O relator do caso no TRF-2 destacou em sua fundamentação que não foi comprovado enriquecimento ilícito por parte de André Ceciliano. Esta constatação tem implicações significativas, pois a Lei da Ficha Limpa, que foi alterada no ano passado, estabelece que a inelegibilidade automática em casos de improbidade administrativa depende da presença simultânea de três elementos:

  1. Ato doloso (intencional)
  2. Dano ao erário público
  3. Enriquecimento ilícito

Como o colegiado judicial afastou o terceiro elemento, Ceciliano não está inelegível no momento atual, podendo, portanto, disputar eleições. A decisão apontou um dano aos cofres públicos no valor de R$ 129,7 mil, com multa fixada no dobro desse montante (cerca de R$ 259,5 mil), a ser rateada entre o ex-deputado e duas empresas também condenadas na ação.

Suspensão de direitos políticos e recursos

A sentença do TRF-2 prevê a suspensão dos direitos políticos de André Ceciliano por um período de seis anos. No entanto, esta sanção ainda não produz efeitos imediatos, pois depende do esgotamento de todos os recursos judiciais disponíveis. A defesa do ex-deputado já anunciou que irá recorrer da decisão, argumentando que não há trânsito em julgado quanto à suspensão dos direitos políticos.

Em nota oficial, os advogados de Ceciliano enfatizaram que a condenação foi fundamentada exclusivamente no artigo 10 da Lei de Improbidade Administrativa, sem qualquer reconhecimento de enriquecimento ilícito. A defesa também ressaltou que, na esfera penal, o ex-deputado foi absolvido por unanimidade pelo próprio TRF-2 em decisão já definitiva, e que o caso igualmente foi analisado pelo Tribunal de Contas da União.

Repercussão política e antecedentes

André Ceciliano possui significativa trajetória política no estado do Rio de Janeiro, tendo sido presidente da Alerj durante o biênio 2019-2020. Sua atuação à frente da Assembleia Legislativa incluiu a garantia de aprovação de projetos de incentivo fiscal, conforme registrado em imagens oficiais da casa legislativa.
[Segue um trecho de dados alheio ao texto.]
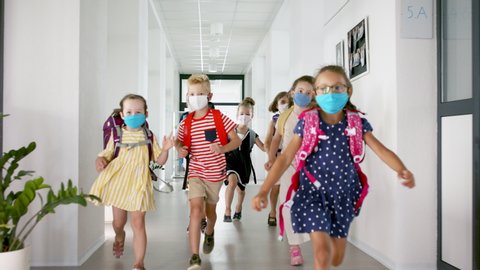 Group of cheerful children with face masks running on corridor, back to school concept.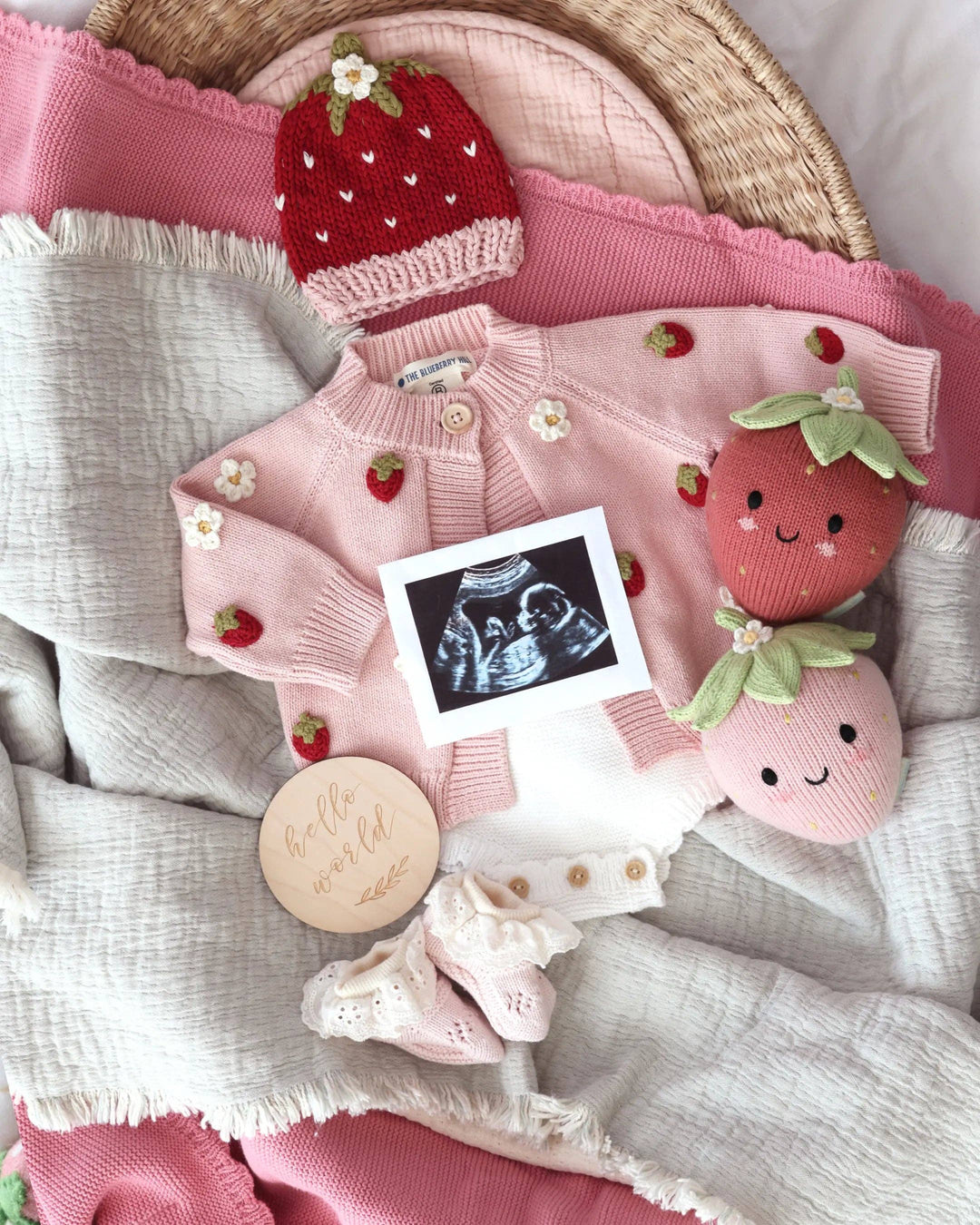 Cuddle + Kind Baby Strawberry 7 inch hand-knit strawberry plush toy and baby shower gift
O caso da "Máfia dos Sanguessugas" representa um dos maiores escândalos de corrupção envolvendo recursos públicos destinados à saúde no Brasil, com investigações que se estenderam por diversos estados e municípios. A condenação de Ceciliano pelo TRF-2 marca mais um capítulo neste longo processo judicial que já dura quase duas décadas.

Apesar da condenação por improbidade administrativa, a ausência de reconhecimento de enriquecimento ilícito pelo tribunal mantém o ex-deputado em condições de participar da vida política institucional, ao menos até o julgamento definitivo dos recursos interpostos por sua defesa.